Any translation work raises the question, ‘why.’ As an individual interested in both theories and praxis of translation, the first question that came to my mind while reading Redundant was the need to translate this and the accomplishment of the translator. The importance of this novella lies in the representation of the lifestyle of the poor and lower-middle-class population of the society. It is a realistic representation of the community in which we live. The novella acts as a mirror, forcing us to look at our disturbing inertness, making these marginalized people all the more ‘redundant.’ As the translator rightly says in her note, “Never again will you be able to walk into a showroom without wondering if the counter salesman is struggling to meet a daily target and what will happen if he fails? Never again will you watch a young boy peddling lottery tickets at a railway platform without wondering if he’s managing to get a square meal a day.” Herein lies the novel’s success and the need to translate it. Translation helps achieve a wider readership beyond the confines of the source language. Millions of young men eking out a living in the streets of the cities in other parts of the country have a similar story. Chakraborty’s Haat Kata has the potential to be the voice of that teeming millions, and Malati Mukherjee’s English rendering as Redundant helps the novella to embark upon that journey.

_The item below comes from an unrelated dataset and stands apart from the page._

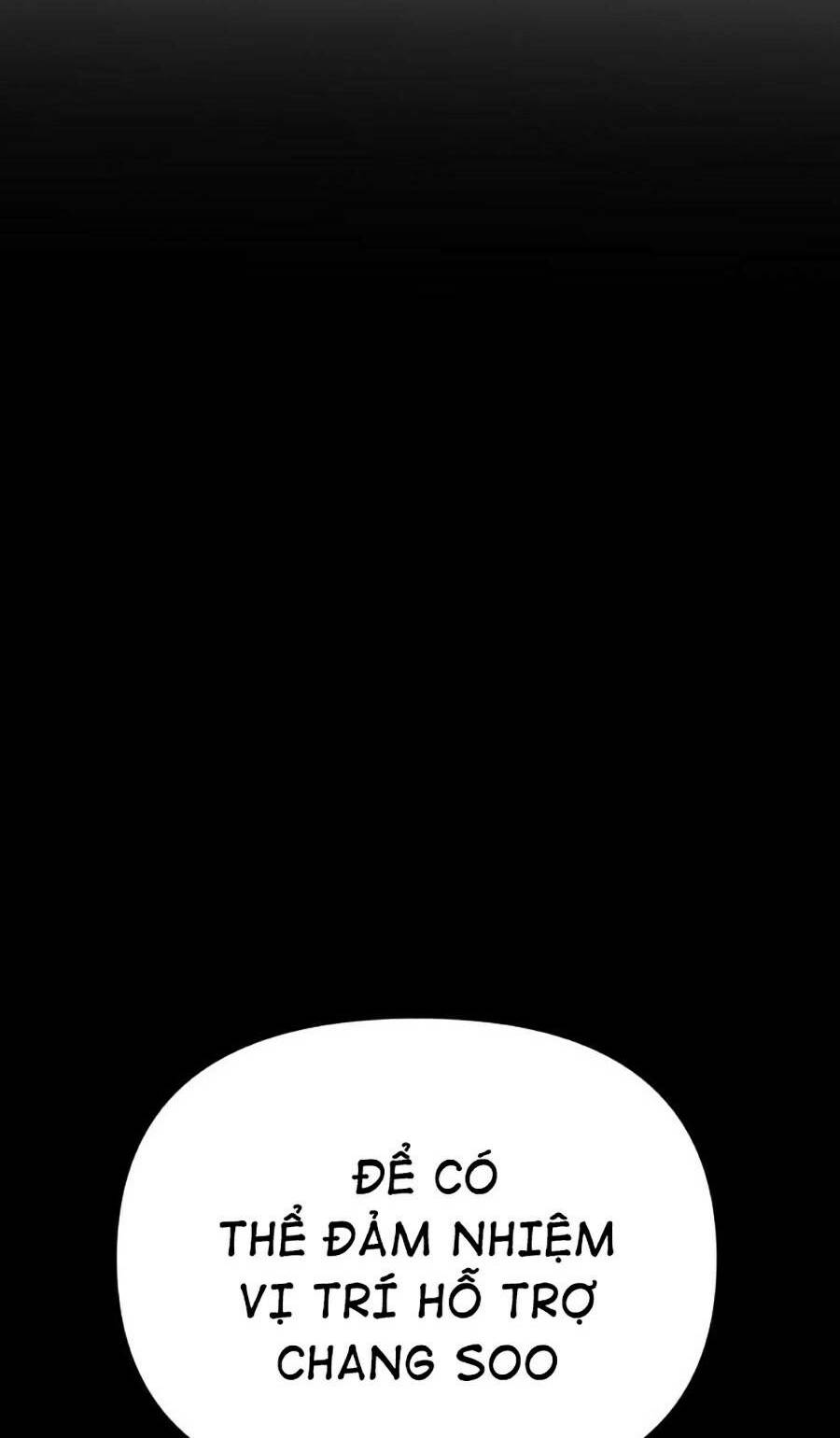 Chương 7 - Trang 90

Mukherjee has done a seamless translation and maintains the pace of the novella throughout. Some words, particularly those that refer to specific food and relationship, have been left as in the original. So we find the presence of words such as ruti, tadka, nadu, kakima, et al. It is interesting to see the translator retain the spelling according to the Bengali pronunciation — such as ruti and not the more pan-Indian version of it as roti. These help in maintaining the Bengali environment of the novella and keep it close to the original. Despite retaining certain words from the original, the readability of the text is not hampered. A successful translation reads effortlessly and does not interfere with the translator’s intention. This translation has achieved just that. Redundant tells the story of millions of those individuals who have just managed to retain the semblance of a respectable life and wait each day for a miracle that would change their lives forever. Though the book runs into less than sixty pages, it has the power to make readers think deeply. Also, despite all the characters’ anguish, the book ends on a hopeful note with a renewed faith in human relations. In a society like ours, where alienation and entrapment are increasing in epidemic proportion, Redundant, I hope, would reach a larger community of readers and sensitize them to their surroundings.

Bio:
A translator of acclaim, Nabanita Sengupta is an Assistant Professor of English in Kolkata. She has translated A Bengali Lady in England (Shambhabi) and Chambal Revisited (Hawakal), co-edited a volume of critical essays, Understanding Women’s Experiences of Displacement (Routledge), and a poetry anthology Voices and Vision (Virasat). She has also authored an e-book of fiction, The Ghumi Days (Juggernaut). Sengupta has been variously published in journals, anthologies, and e-zines. She is the executive committee member of Intercultural Poetry and Performance Library, Kolkata.